- [Task brief] Transcribe everything in the listing as written, and let no image into the copy.
Supplied material START
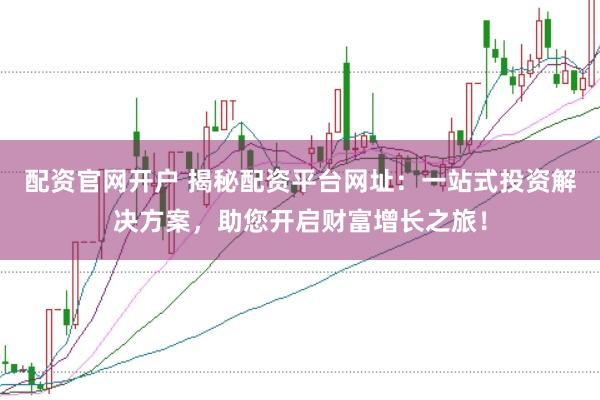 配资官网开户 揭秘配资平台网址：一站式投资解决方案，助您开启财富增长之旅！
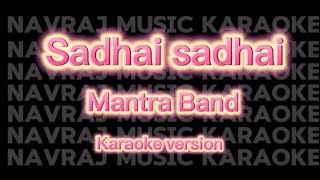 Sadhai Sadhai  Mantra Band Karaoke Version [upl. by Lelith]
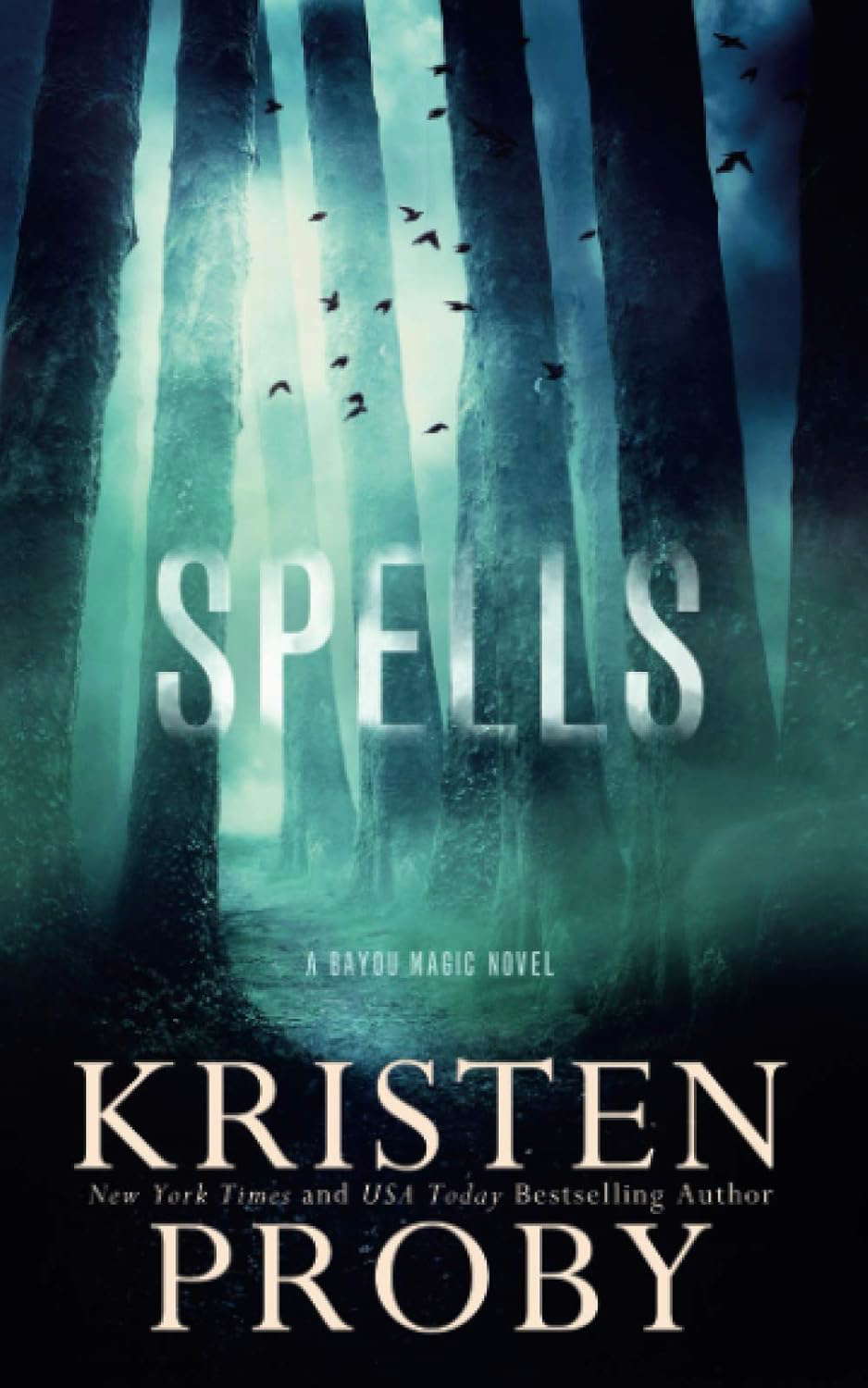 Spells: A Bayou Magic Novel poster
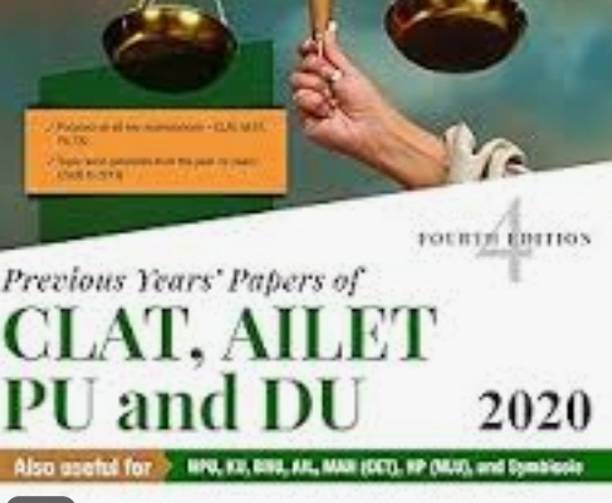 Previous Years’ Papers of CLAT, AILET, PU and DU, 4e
Supplied material END
- [Exercise answer]
 配资官网开户 揭秘配资平台网址：一站式投资解决方案，助您开启财富增长之旅！
 Sadhai Sadhai  Mantra Band Karaoke Version [upl. by Lelith]
 Spells: A Bayou Magic Novel poster
 Previous Years’ Papers of CLAT, AILET, PU and DU, 4e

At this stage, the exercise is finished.